Muslims have complained of finding the Koran on lower shelves, saying it should be put above commonplace things. So officials have responded with guidance, backed by ministers, that all holy books should be treated equally and go on the top shelf together. This means that Christian works, which also have immense historical and literary value, will be kept out of the reach and sight of many readers.
Robert Whelan of the Civitas think-tank said: “Libraries and museums are not places of worship. They should not be run in accordance with particular religious beliefs. This is violating the principles of librarianship and it is part of an insidious trend.” He said the principle that books should be available to everyone was established in Europe in the Middle Ages. “One of the central planks of the Protestant Reformation was that everybody should have access to the Bible,” he added.

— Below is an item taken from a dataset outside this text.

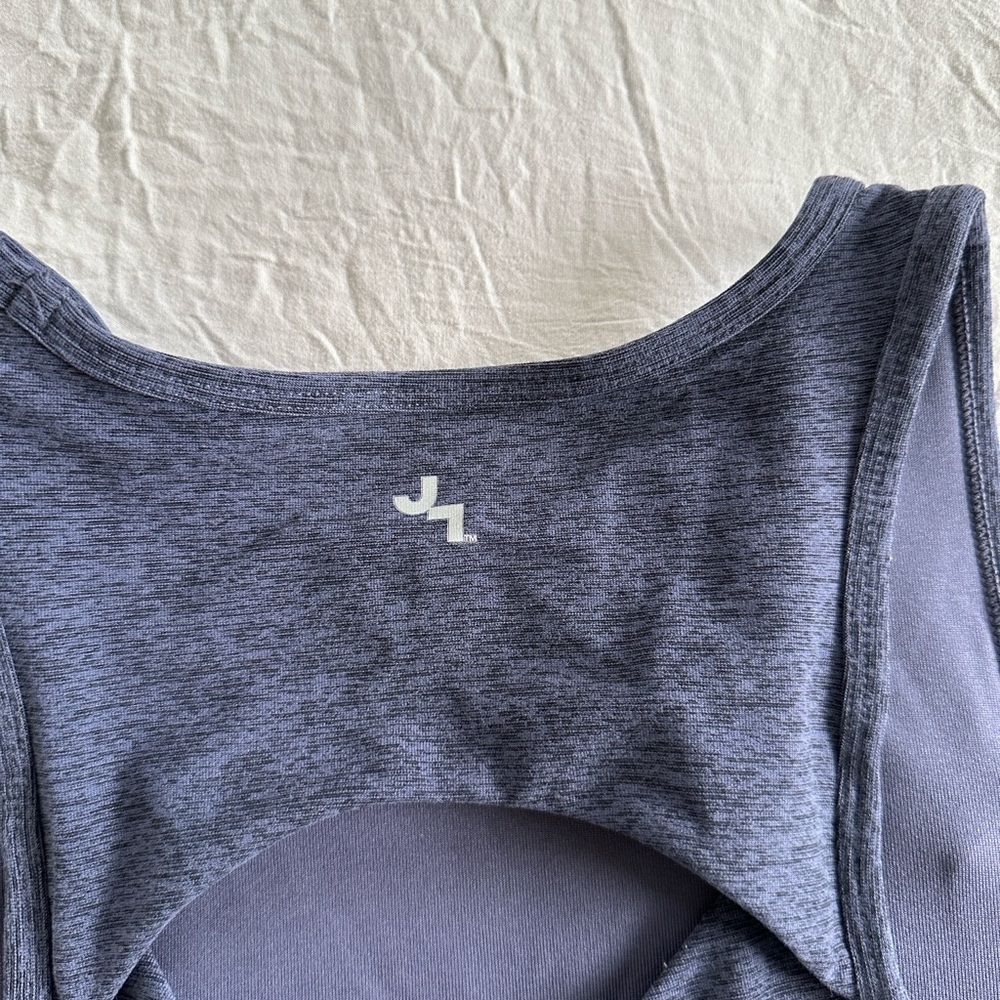 JoyLab Cropped Cut Out Tank Top - Picture 4 of 8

Simon Calvert of the Christian Institute said: “It is disappointing if the policy of libraries is dictated by the practices of one group. It is particularly disappointing if this is done to put the scriptures beyond reach.”
Over at Holy Smoke Catholic Herald editor Damian Thompson asks “Don’t PC librarians make you sick?” and threatens: “I think I’ll pay a special visit to my local (super-PC) library this afternoon and have a look at the ‘holy books’. And then maybe do a little rearranging of my own.”